Start of Provided information

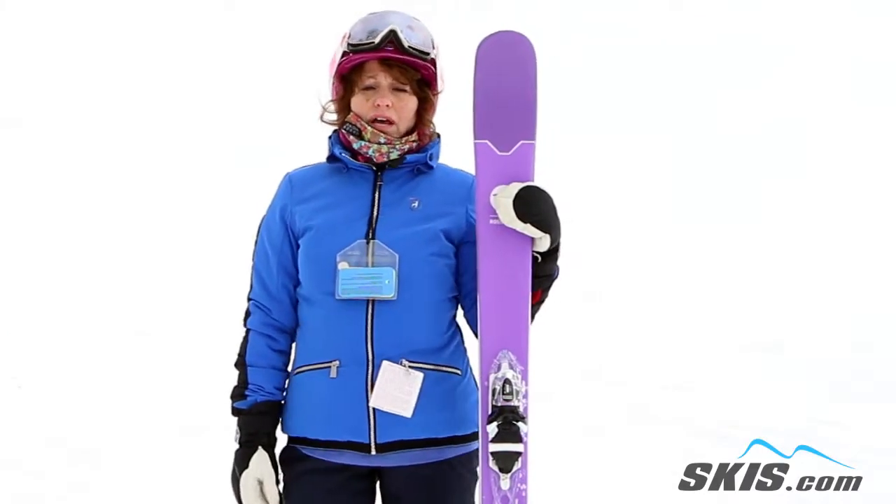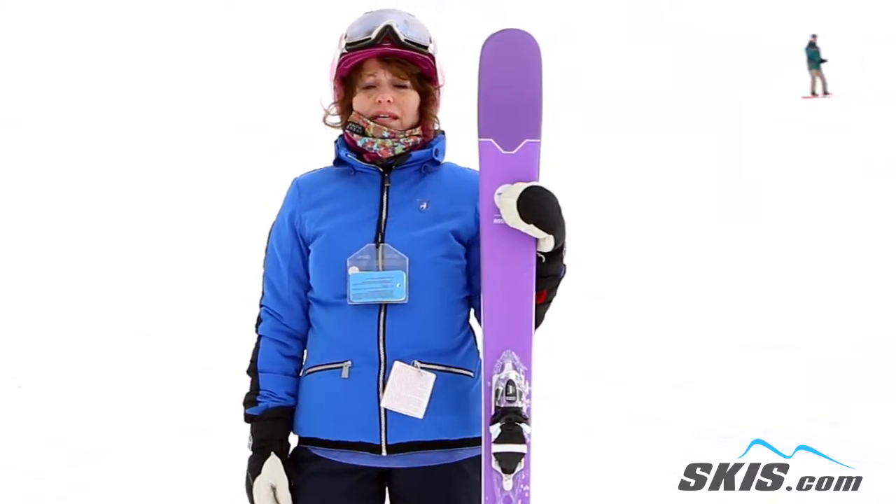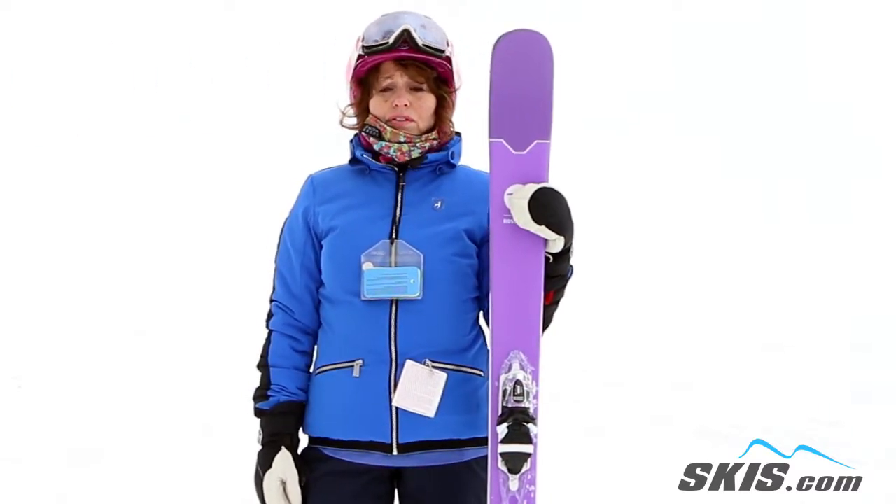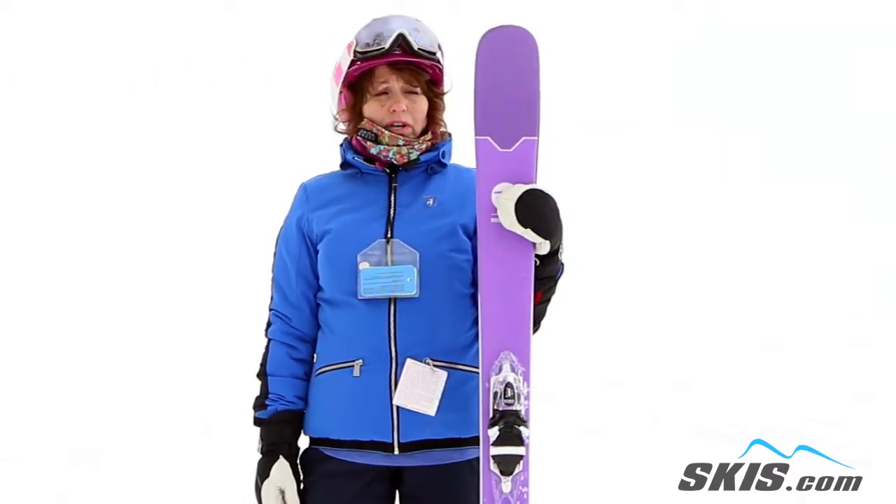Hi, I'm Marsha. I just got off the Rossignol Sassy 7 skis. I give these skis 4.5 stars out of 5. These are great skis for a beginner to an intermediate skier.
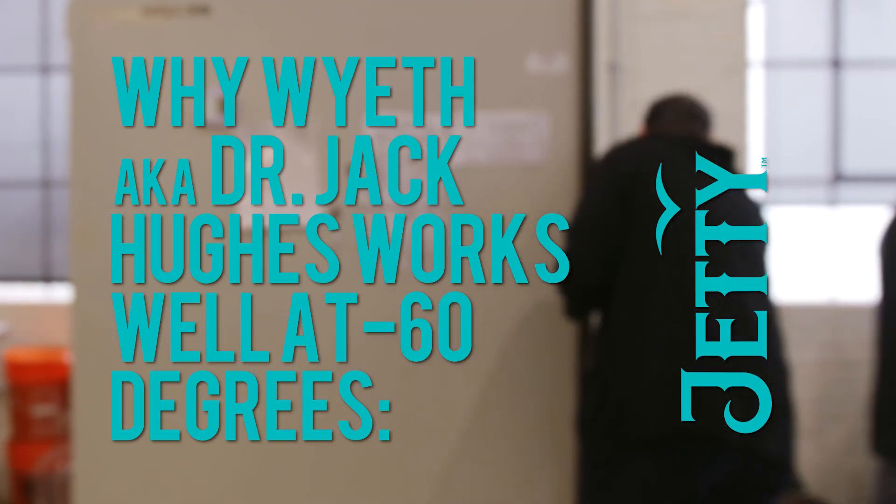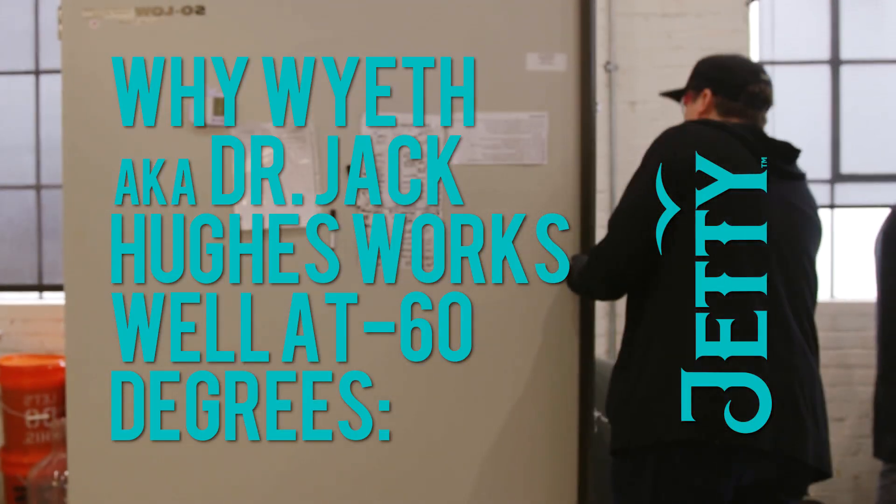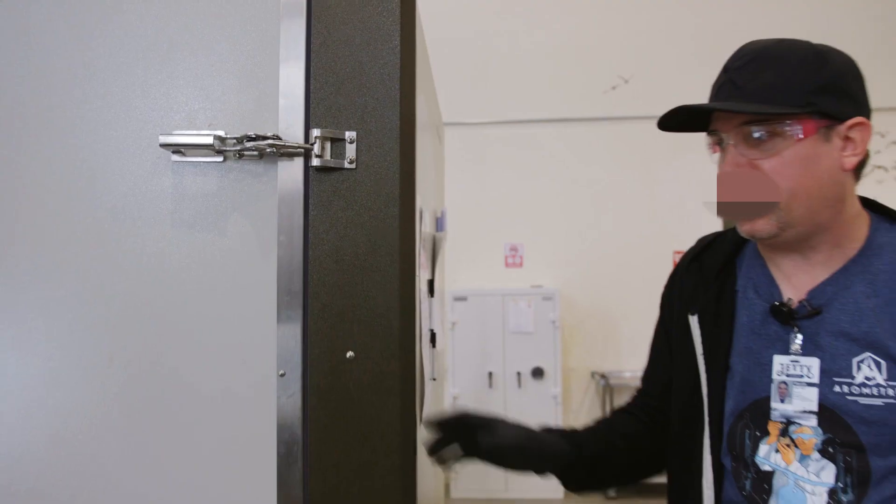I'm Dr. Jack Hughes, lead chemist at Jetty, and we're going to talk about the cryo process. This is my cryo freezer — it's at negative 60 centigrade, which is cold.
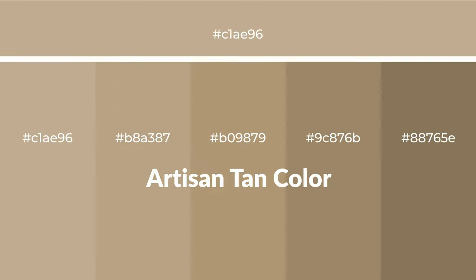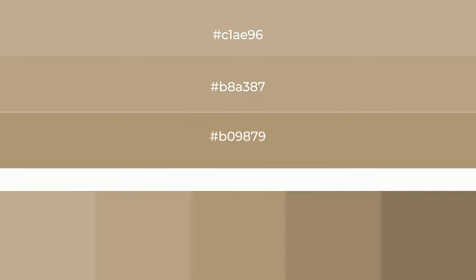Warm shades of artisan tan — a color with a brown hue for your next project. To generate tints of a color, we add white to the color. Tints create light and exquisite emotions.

End of Provided information
Start of Provided information

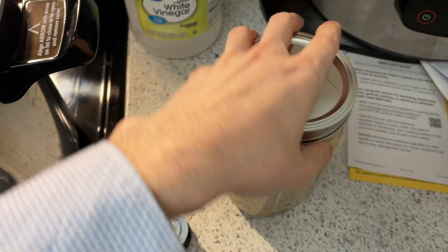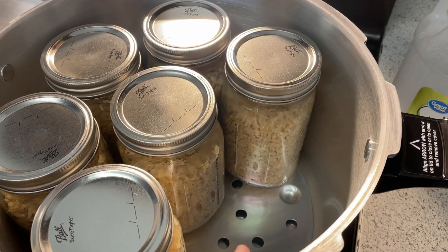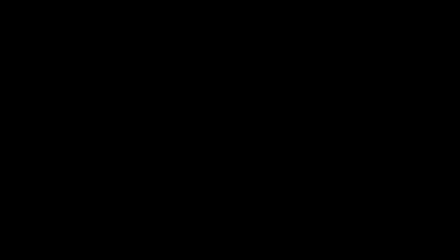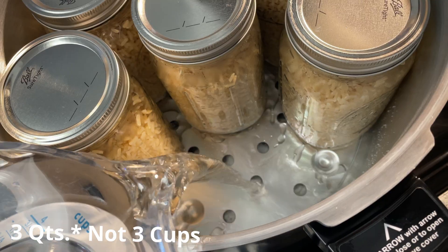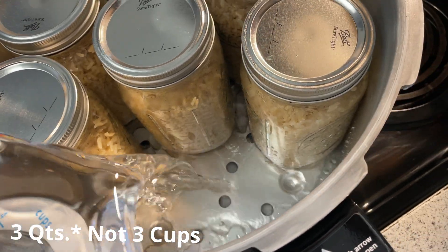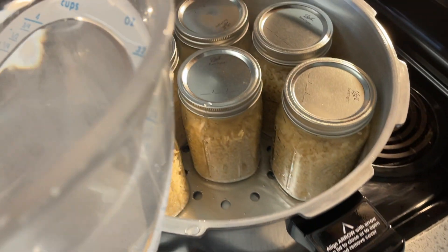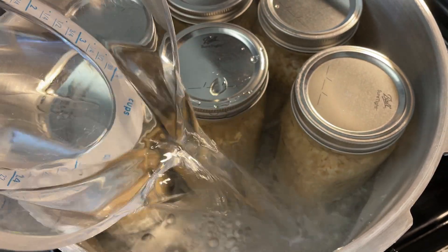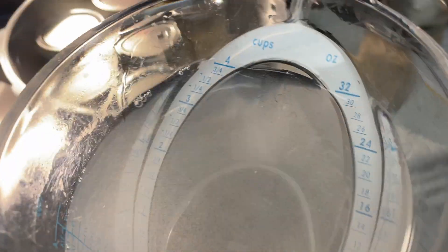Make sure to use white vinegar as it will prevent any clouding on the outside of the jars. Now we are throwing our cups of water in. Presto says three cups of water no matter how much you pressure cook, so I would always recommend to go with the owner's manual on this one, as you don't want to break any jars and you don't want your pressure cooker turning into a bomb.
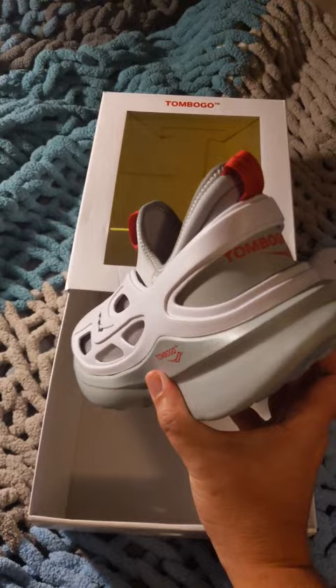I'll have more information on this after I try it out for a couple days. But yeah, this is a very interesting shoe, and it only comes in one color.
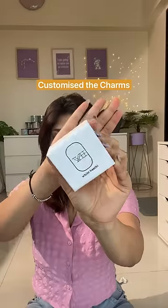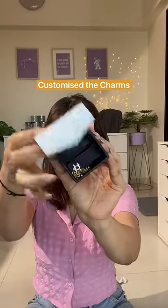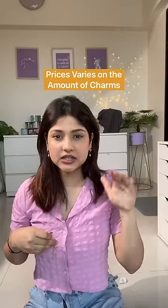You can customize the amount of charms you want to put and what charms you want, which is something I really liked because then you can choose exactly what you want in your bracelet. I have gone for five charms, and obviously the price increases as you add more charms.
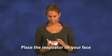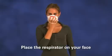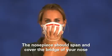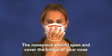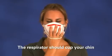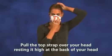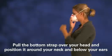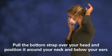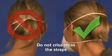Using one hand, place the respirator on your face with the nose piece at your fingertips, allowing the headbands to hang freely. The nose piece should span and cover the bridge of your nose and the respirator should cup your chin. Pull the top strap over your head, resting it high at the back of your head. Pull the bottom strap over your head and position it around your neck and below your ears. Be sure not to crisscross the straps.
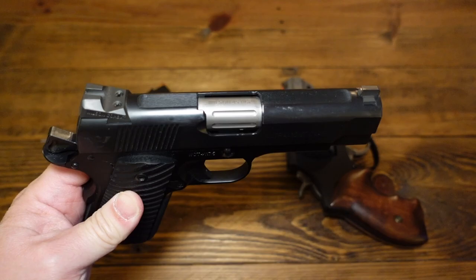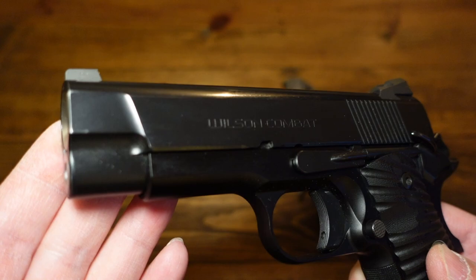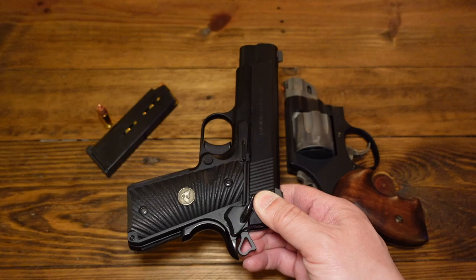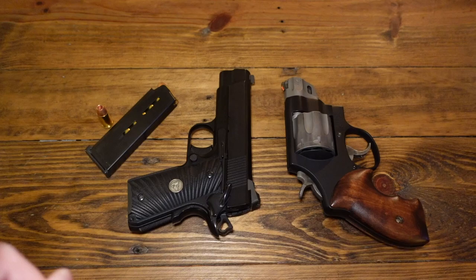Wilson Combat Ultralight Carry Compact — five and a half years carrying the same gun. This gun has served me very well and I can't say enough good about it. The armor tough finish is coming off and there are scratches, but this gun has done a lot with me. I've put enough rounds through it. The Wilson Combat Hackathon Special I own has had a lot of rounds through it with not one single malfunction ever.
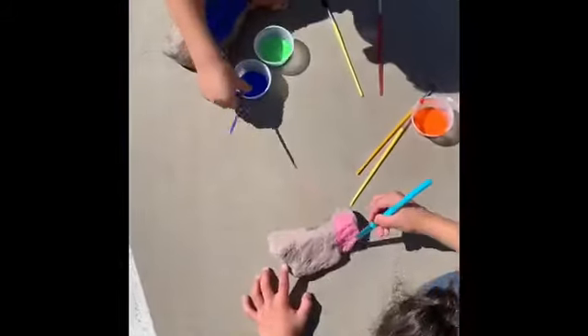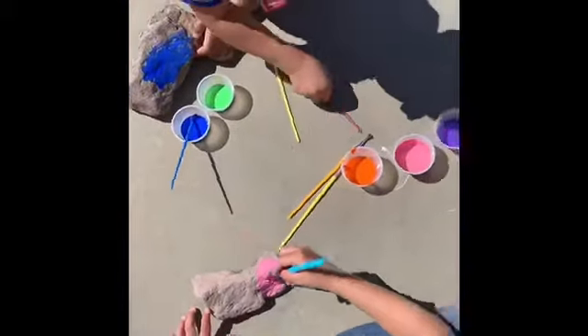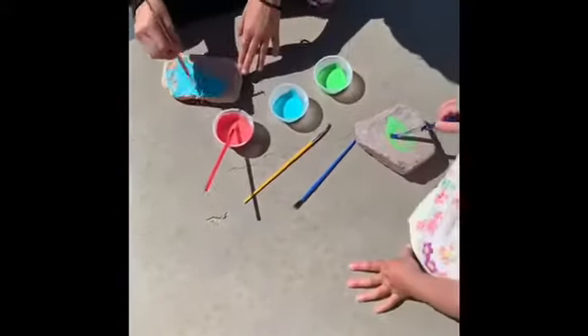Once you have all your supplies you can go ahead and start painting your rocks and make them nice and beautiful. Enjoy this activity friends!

End of Provided information

■ Directions for this task ■
Extract, without any images, the part of the material above that opens with the line containing "Hi, I'm Marsha." and closes with the line containing "Warm shades of", both lines included.

■ Completed exercise ■
Hi, I'm Marsha. I just got off the Rossignol Sassy 7 skis. I give these skis 4.5 stars out of 5. These are great skis for a beginner to an intermediate skier.
I'm Dr. Jack Hughes, lead chemist at Jetty, and we're going to talk about the cryo process. This is my cryo freezer — it's at negative 60 centigrade, which is cold.
Warm shades of artisan tan — a color with a brown hue for your next project. To generate tints of a color, we add white to the color. Tints create light and exquisite emotions.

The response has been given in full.